Biz Buzz: SEC exodus looms

The Philippines may have reached investment-grade status but its corporate watchdog, the Securities and Exchange Commission, is languishing at sub-par payroll levels and now faces an exodus of key officers.

At least three assistant directors, three lawyers from the Office of the General Counsel and three division heads are poised to quit after salary increases were disallowed recently by the Department of Budget and Management. Some with the rank of director are also considering leaving if not for the one-year prohibition against them being employed by any entity that was under their regulation, which means pretty much every corporation in the country.

The irony of this is that under the Securities Regulation Code, the SEC has leeway to compensate its people well as it was exempted from the salary standardization scheme. In fact, the commission has authority to approve a salary scale comparable to that of the Bangko Sentral ng Pilipinas.

Insiders recalled that after the SRC was passed in 2000, the SEC drew up a salary scale to better compensate its people—a payroll framework approved by then President Estrada. But after Erap was ousted, the planned salary scale was not executed under the term of President Arroyo, during which the SEC even tolerated salary cuts (which then resulted in an earlier wave of resignations).

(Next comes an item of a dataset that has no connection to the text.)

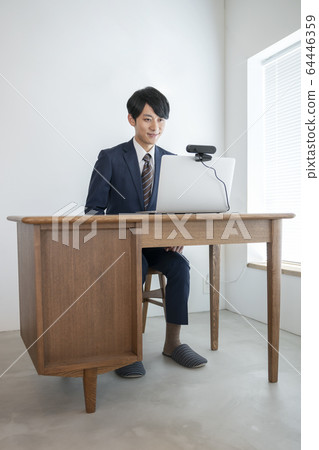 A young man heading for a laptop with a webcam A young man heading for a laptop with a webcam 64446359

As a stop-gap measure during the last decade of unpalatable pay, the SEC granted additional “economic assistance” allowance to its people, which also had to be halted in 2011 due to a capital markets program loan from the Asian Development Bank (wherein the SEC was obliged to restructure its salary scale to incorporate the equivalent of previous allowances).

The adjusted salary scale was reflected in the 2012 budget. The SEC used its retained earnings to implement this but the DBM has thus far declined to reimburse the amount, raising concerns within the organization that disallowed salary increases could eventually be reversed and deducted from future payrolls. And instead of using them for capital spending and boosting infrastructure needed to boost corporate regulatory capability, the SEC’s retained earnings are being depleted for overhead spending.

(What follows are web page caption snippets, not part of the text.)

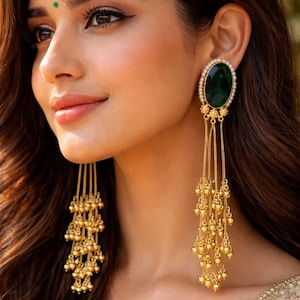 May include: Gold-toned dangle earrings with a large, oval, emerald-green stone surrounded by small pearls. The earrings have multiple strands of gold chains ending in small gold beads, creating a cascading effect. The earrings are a statement piece.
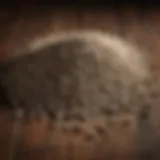 Close-up of rat bait pellets on a wooden surface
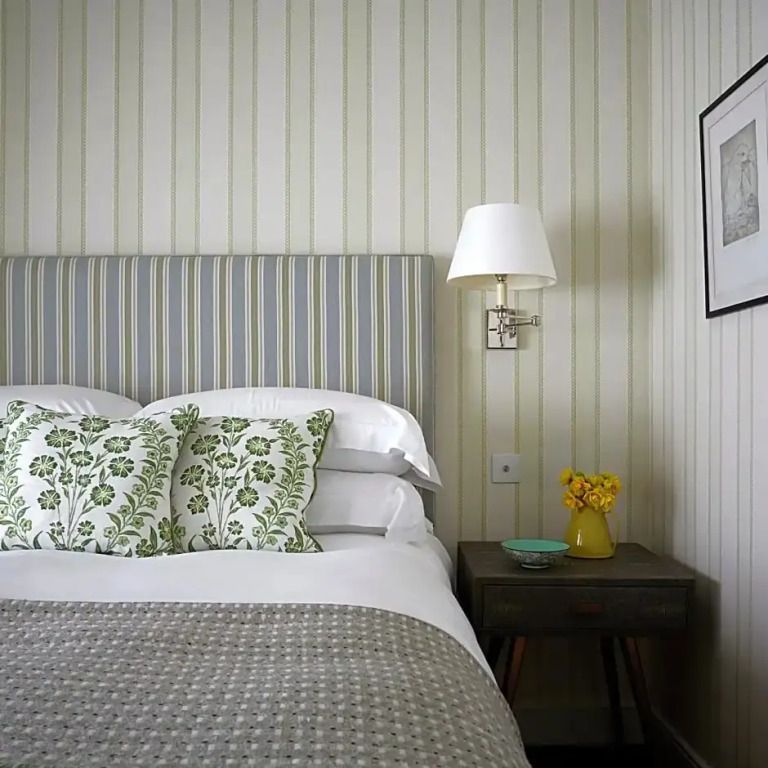Elegantes Doppelzimmer mit gestreifter Tapete und gemütlichen Kissen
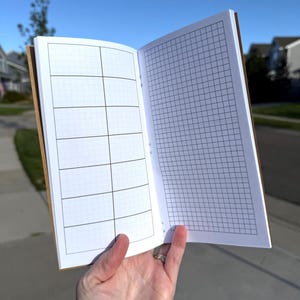 May include: An open notebook with a brown cover featuring white pages. The left page displays a grid layout divided into eight rectangular sections, while the right page features a full-page grid pattern with thin black lines on a white background.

“Our petition for approval of our salaries is still pending in the office of President Aquino. This is what DBM requires. We are still fervently hoping for a quick resolution of this salary issue as it is indeed demoralizing the whole workforce,” one top SEC official lamented. “How can we hire quality people if we can’t fairly compensate them?”

The implications on the administration’s “Daang Matuwid” battle cry are serious. “If we offer peanuts, we will get crooks,” the official said.—Doris C. Dumlao

‘Ides of April’

Given the vague, blow-hot-blow-cold tone of Malacañang when it comes to backing incumbent Customs Commissioner Ruffy Biazon, some people are now busy speculating as to who would replace him at one of the most controversial agencies of government.

There are, of course, a plethora of choices available, including at least two “insider” personalities whose names have been floated to President Aquino—and supposedly rejected—before.

However, one potential Biazon replacement caught our attention. You see, this candidate for Customs commissioner is already intimately familiar with the post from his experience some years ago. More importantly, he has the backing of an influential Cabinet secretary who had already supported his appointment in the early years of the Aquino administration after the chances of “first choice” of the job was successfully scuttled by opposing groups.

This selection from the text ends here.